Taking Culture Beyond Yogurt
Or cheese. Not that I dislike either, it’s just they don’t work well as analogs of human culture, as it were.
See, a lot of writing uses the whole stranger to the culture thing because it automatically ramps the tension up – it’s an easy way to add a level of risk and suspense that the author doesn’t have to do much about, and they’ve got a nice, simple way to avoid the dreaded infodumpus by having their out of place character asking questions (you didn’t really think Rowling made Harry Potter that dumb because she wanted him to be stupid, did you? She set him up so he’d be completely clueless and with a built in aversion to reading up on things, then handed him the biggest scold/substitute big sister/nag ever to be his assistant (and I like Hermione as a character but have to admit she’s a bit too much like me for my comfort – although I was a bit less inclined to trust authority) so she could tell him whatever he needed to know whenever he needed to know it).
Even though dumping some poor sod into your culture is a common trope, it’s still sadly too easy to get it catastrophically wrong. Sometimes the poor sod is the only person in the whole book that thinks differently about things – which is not going to work out well. Even the most peaceful, well-run society is going to have differences of opinion and differing beliefs. Even Switzerland has political differences and would drive an outsider insane if they weren’t trying to acculturate.
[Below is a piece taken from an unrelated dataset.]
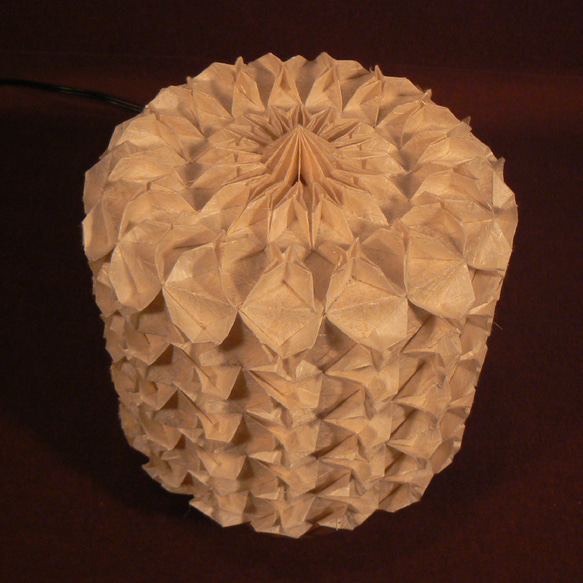 和紙の手作りランプシェード　美濃和紙使用　[折] 10-1　どこにもない癒しの手作り一点物作品　ギフト・模様替えに最適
Other times you get the really obvious differences, the SF and Fantasy equivalents of the cowboys with black hats. Or the racism writ large society where each species has a particular place and everyone in a species has the same outlook as the rest of their kind (which is why I’m kind of fond of the idea of twisting things around a bit – opera-loving orcs, anyone?).
Yeah, people who are raised a certain way are mostly going to believe what they’ve been raised to believe. That doesn’t mean they can’t change their mind or that their beliefs aren’t going to shift a bit to accommodate life around them. They’re going to have different habits to their neighbors – maybe small things that don’t mean anything much, but different nonetheless.
It’s the little differences that make it hard to truly fit into a new society. When the differences are big and obvious, you know you have to change to deal with them. It’s the little things that trip you – and by extension, your stranger in a strange land character – all the time. Things like, despite the Australia I grew up in and the USA I moved to having a heck of a lot of similarities, never knowing for sure which side of a hallway to walk in.
That one is – I think – happening because the US and Oz drive on different sides of the road. So people tend to walk on the same side of the hallways that they drive on. Enter a sleep-deprived Kate who switches erratically depending on which set of instincts and memories are running at the time, and watch the chaos. It happens in grocery stores, too. We won’t even go into the frantic head-turning that happens at intersections. I only hope this most simple of differences will eventually sort itself out in my muscle learning so I stop running into people in the corridors at work.
Yes, this is something that can be used in fiction. Along with little things like the closest equivalent to comfort foods not tasting quite right because the ingredients are different. Or not being able to get something that your character regards as a staple, only it’s exotic here.
It’s all cultural – all the rituals and feelings that grow up around certain foods, the side of the road you drive or walk on, whether you give the date with the month first or the day first… And all of those things help add richness to your culture as your character interacts with them and trips over them.
All of which is much more satisfying to read than a culture where everything’s been homogenized into cheese.